Por un lado del atlántico tenemos a los Yankis con su concepto de patriotismo y libertad a ultranza y cuyo sistema democrático (?) no duda en negar todo tipo de derechos a los terroristas, llevarlos utilizando vuelos ilegales a Guantánamo y allí darles bien por el culo.
En el otro lado está España, asediada por nacionalismos mal entendidos en una época de globalización, en la que pequeños grupos terroristas se dedican a propagar sus conceptos de autodeterminación y superioridad genética, que no dudan en machacar impunemente a los que demuestran su patriotismo, negar las libertades de sus vecinos y a darle bien por el culo a la democracia.
Dos caras de la misma moneda. Ninguna de las dos es la respuesta, pero HOY preferiría que nos pareciésemos un poco más a ellos y que un asesino se pudriese en la cárcel el resto de sus días.

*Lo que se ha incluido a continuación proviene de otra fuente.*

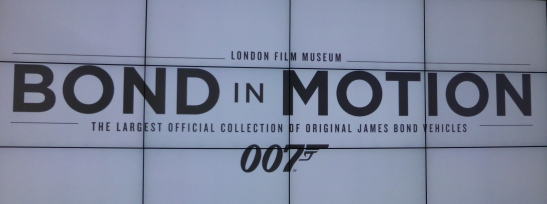 Bond In Motion exhibit at the London Film Museum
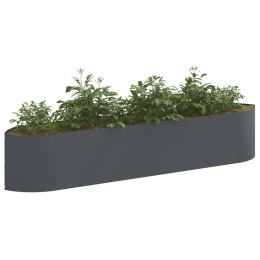 VidaXL Podniesione Łóżko Ogrodowe antracytowy 220 x 40 x 40 cm Stal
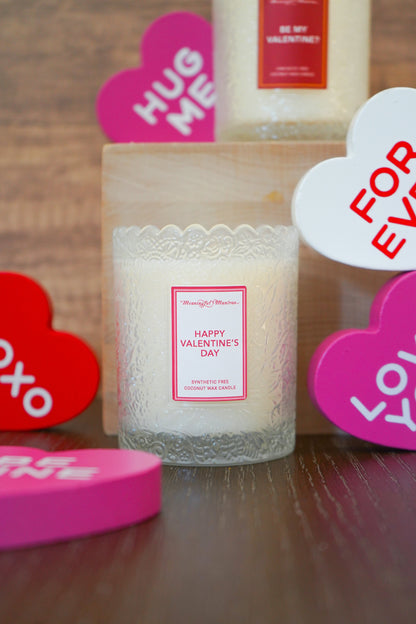 Happy Valentine's Day! Velvet Rose & Cedar Natural Candle 8oz Kaia Collection
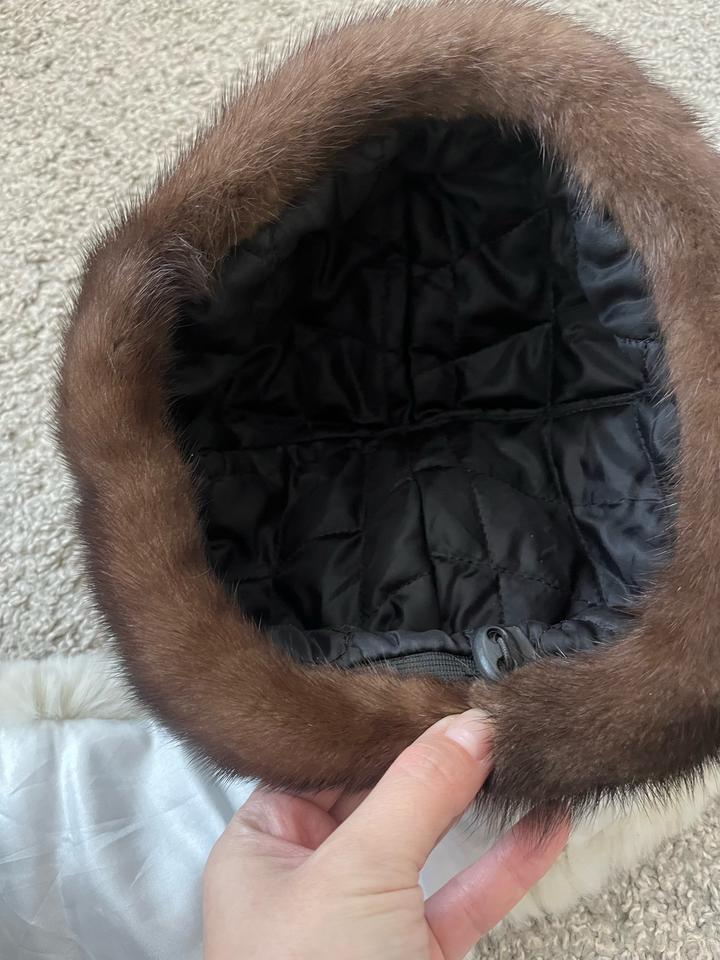 Шапка норковая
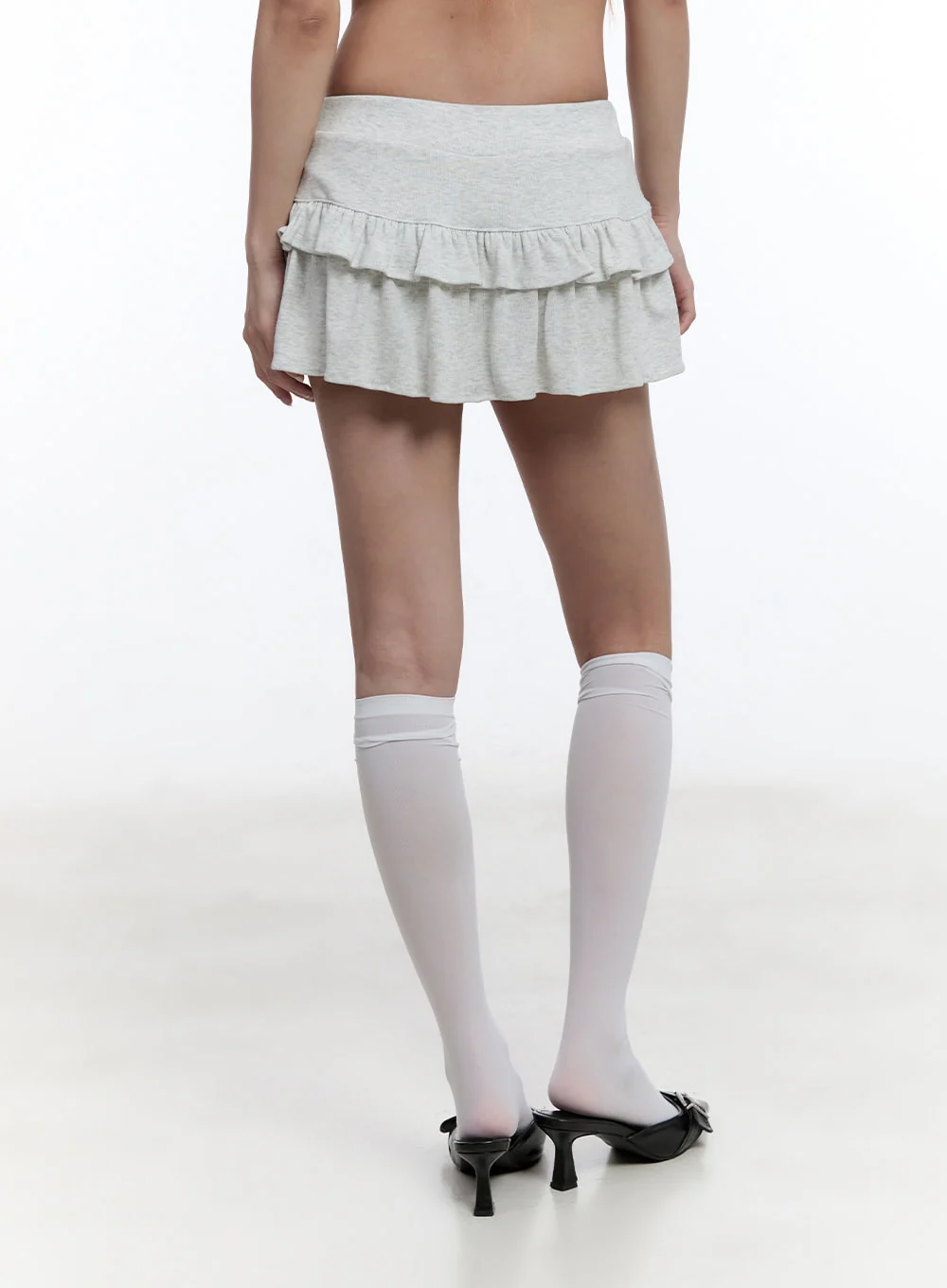 Ruffle Layered Mini Skirt CY530 - Image 6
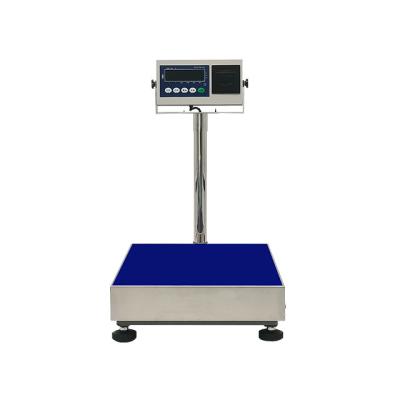 China ABS + Stainless Steel Suppliers China Platform Portable Digital Scale Barcode Label Printing Bench Scale for sale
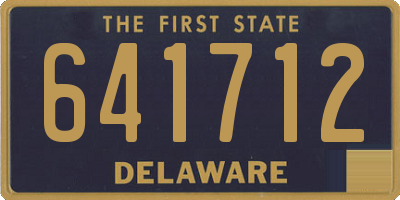 DE license plate 641712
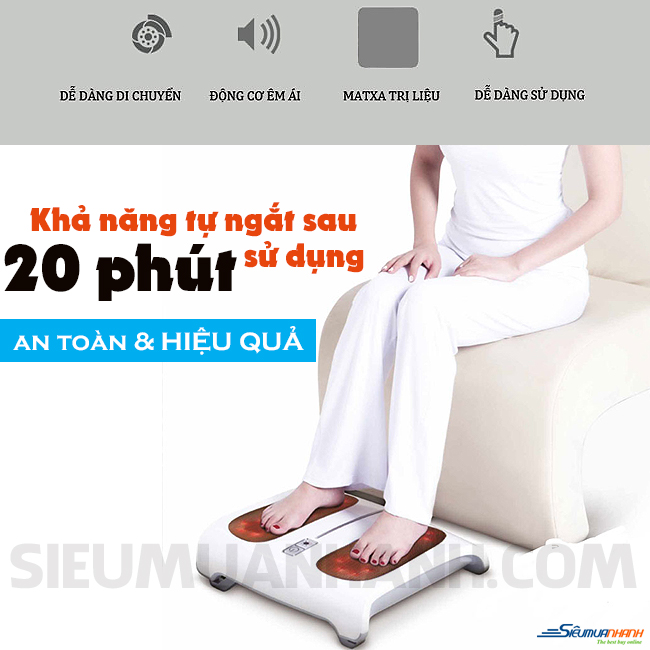 Máy massage chân Shiatsu Bodi-Tek FMAS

Actualización 7/3/2007: La política en este país degenera. El debate acerca de la libertad de Nacho se ha convertido en una revisión exhaustiva de las hemerotecas del país por parte de todo el mundo. A este paso vamos a desempolvar el GAL, desenterrar al caudillo y hasta nos podríamos poner a ver quien fue el culpable de la expulsión de los judíos allá en los tiempos de la Isabel y el Fernando. Joder señores, queremos un debate político que no olvide el pasado pero con argumentos de hoy, y eso va por todos.